Repeat the data that follows exactly, starting at the line with "Used 2025 GMC" and ending at the line with "Váy cổ yếm", and leave out every picture.

(DATASET EXTRACT)

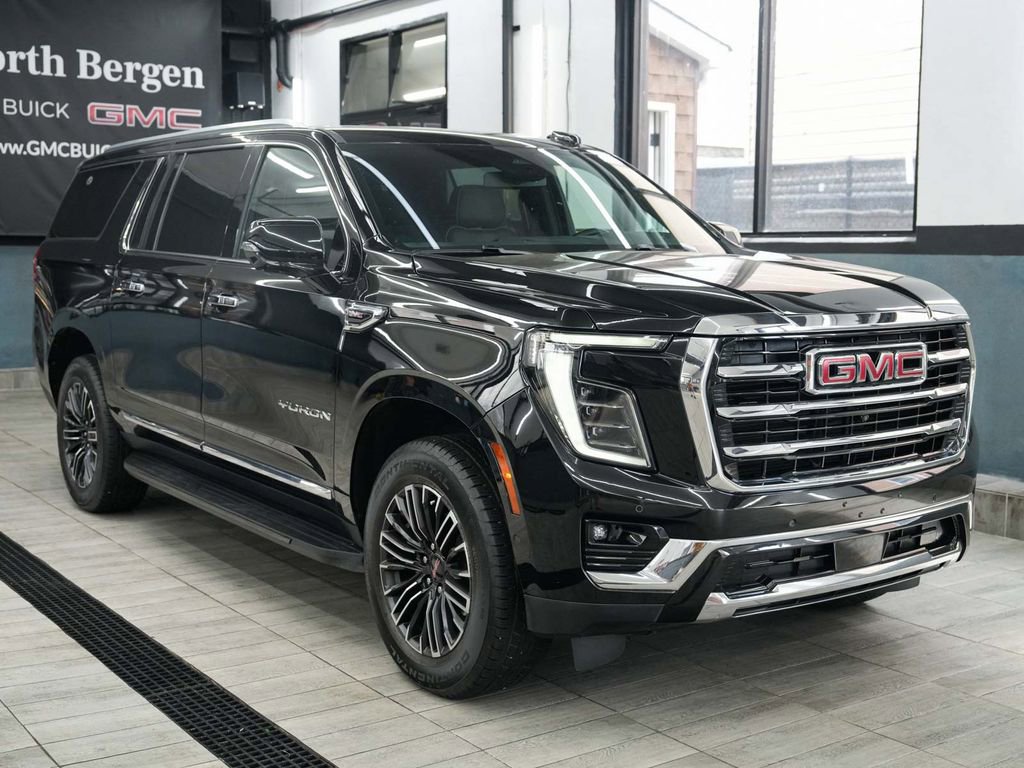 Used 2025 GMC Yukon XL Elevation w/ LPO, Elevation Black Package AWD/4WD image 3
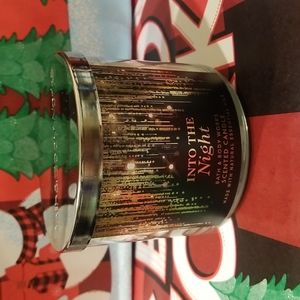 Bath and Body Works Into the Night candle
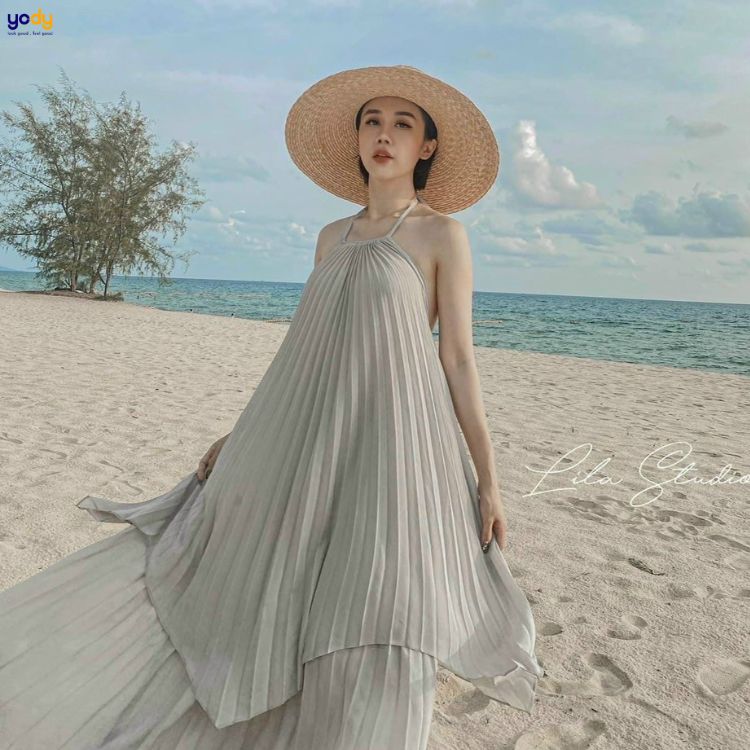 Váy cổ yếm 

(End DATASET EXTRACT)
(DATASET EXTRACT)

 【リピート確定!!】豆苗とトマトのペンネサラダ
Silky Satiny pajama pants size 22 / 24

(End DATASET EXTRACT)
(DATASET EXTRACT)

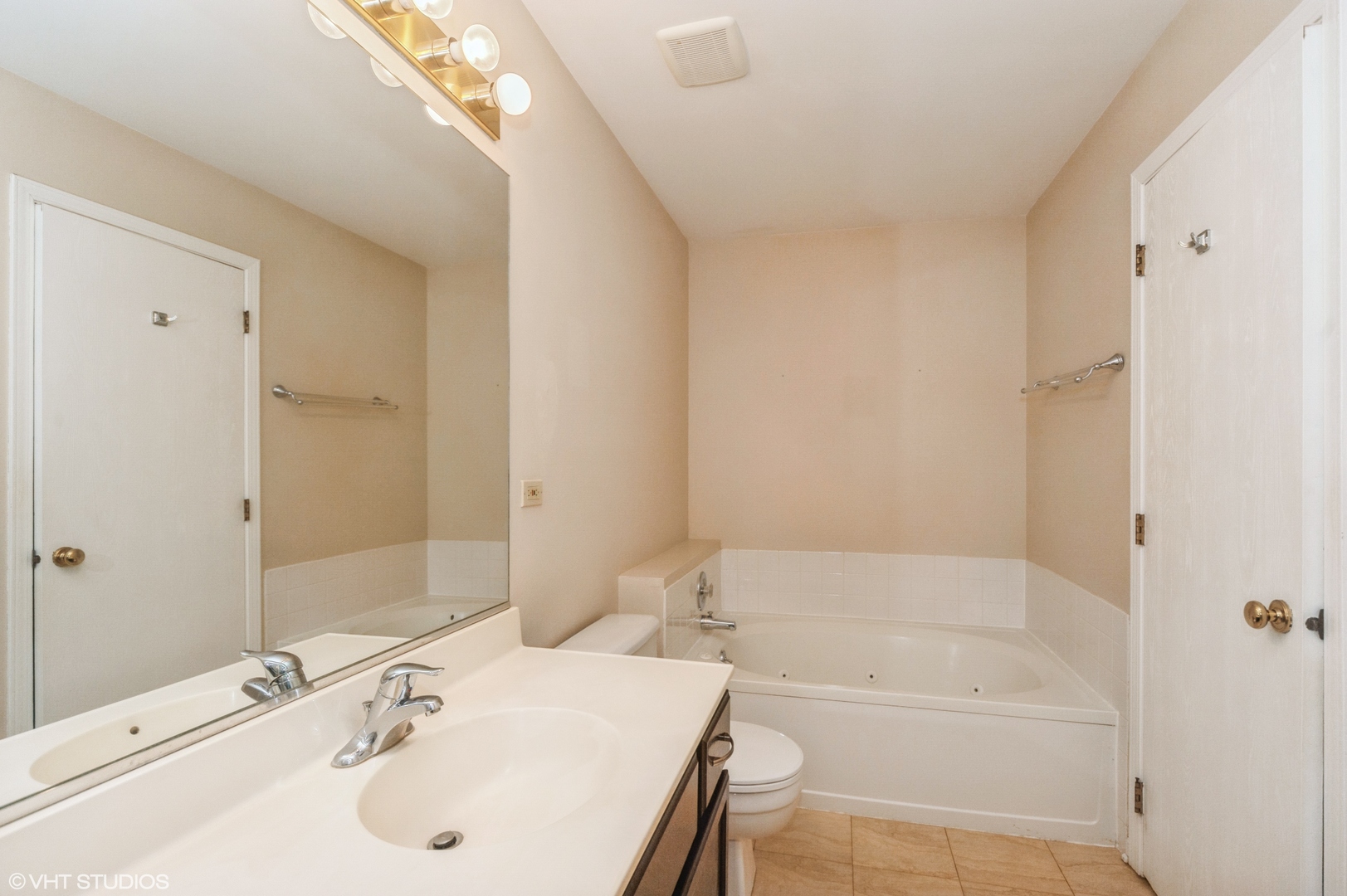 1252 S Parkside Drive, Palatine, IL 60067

(End DATASET EXTRACT)

SOLUTION FOR THIS EXERCISE:
 Used 2025 GMC Yukon XL Elevation w/ LPO, Elevation Black Package AWD/4WD image 3
 Bath and Body Works Into the Night candle
 Váy cổ yếm 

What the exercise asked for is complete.